She directed her attention back to the monitor and did not look up at the sound of the doors closing.

After waiting an unendurable hour for the summons from Beverly, Picard at last made his way toward sickbay and transformation. These were the same Enterprise corridors he knew so well, yet today they were filled with ghosts: black-and-white killing machines, both the slayer and the slain, who had roamed here. Efficient, fatal, and silent. The screams that echoed in Picard’s memory were human, those of his perished crew.

His stride was brisk, yet the walk seemed uncommonly long. When he finally arrived at sickbay, Beverly, wearing her blue surgeon’s coat, was waiting, not busy at her monitors and scans as usual, but standing facing the door, arms folded, posture conveying determination. Yet Picard saw the tension in the muscles of her jaw, her neck, saw the narrowing of her eyes.

The doors closed behind him with a whisper of finality.

They nodded at each other in grave silence. There were no words appropriate to the situation, capable of expressing the horror of the duty each was now going to perform. There was no point in discussing the harrowing memories the imminent act was about to evoke.

With barely a glance to the two security guards pointedly stationed inside the doorway, she turned and led him to surgery. Next to the waiting bed stood a table bearing ominous apparatus: black tubing, a black carapace designed to fit above and beneath his eye, then curve around his skull; nearby sat a Borg optoscope and several neatly placed hyposprays, holding the nanites that would change the essence of what he was.

One object on the table made him recoil: a black prosthetic arm composed of thick serpentine coils rather than muscle, terminating in pincers and a many-petaled rotating blade. He recognized it with gut and instinct more than mind; it was the exact arm worn by Locutus more than a decade ago.

Beverly saw his reaction and said, with taut professionalism, “I saved as much as possible for research purposes.” She paused, then spoke again, her tone abruptly softened. “It was a part of you, once.”

And so it would be again. Picard did not respond to her statement. Instead he drew a deep breath, settled onto the bed, and said, “Let’s get on with it.”

Complete sedation had been unnecessary; Beverly could easily have used a local while injecting the neutralizer chip, then fitting the arm, the carapace, the optoscope, the tubing that ran from his cheek and jaw to the crown of his skull. It was, Picard later decided, an act of mercy on her part.

Beverly woke him when it was time for the injection of the nanites; this required him to be conscious so that she could better monitor the results.

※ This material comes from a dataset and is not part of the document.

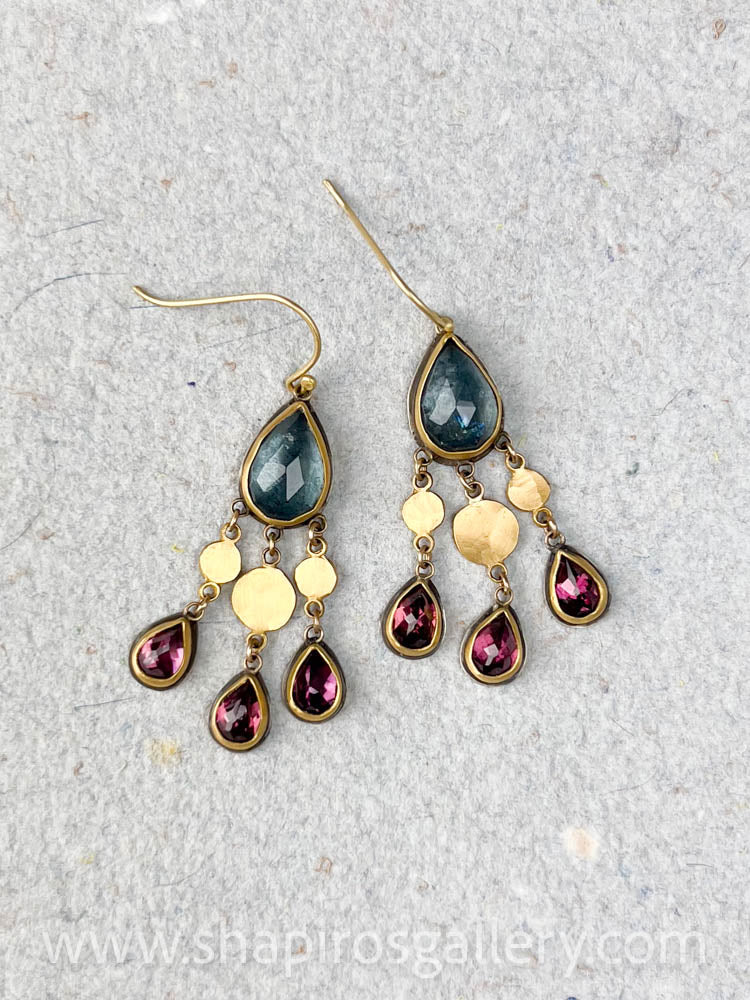 Aquamarine and Tourmaline Chandelier Earrings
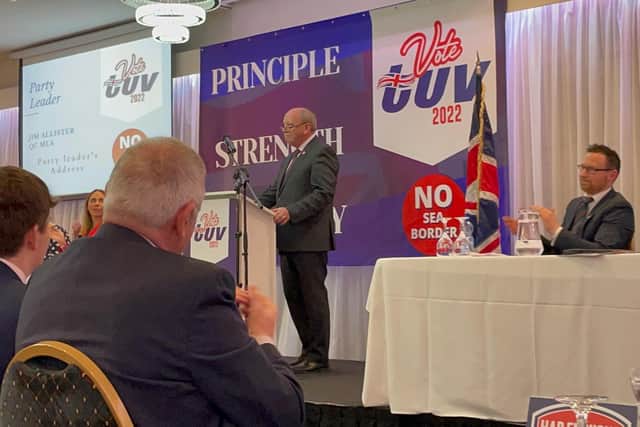 Jim Allister addresses the TUV party conference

He sat up on the bed, half blind from the facial carapace and optoscope, feeling heavy and awkward from the weight of the tubing on his head and the long, protruding mechanical arm. He could see the two guards stiffen, standing at the ready should anything go wrong.

The doctor was blessedly swift in her work, devoid of any emotion. She injected the hypos into Picard’s shoulder one after the other, then stood back to observe her patient.

Picard fought to still the rapid beating of his fleetingly human heart. The first sign was strength: the sense of heaviness vanished, as if someone had gently lifted the weight of all the prostheses from him. He found himself sitting stiffly, perfectly erect. The second was sight. He blinked as his own eyes ceased their functioning, as the optoscope took over and the colors surrounding him faded to dull monochrome. The blue of Beverly’s coat, the copper of her hair, were rendered now in shades of gray. Her image was distorted, abruptly looming one instant, receding the next.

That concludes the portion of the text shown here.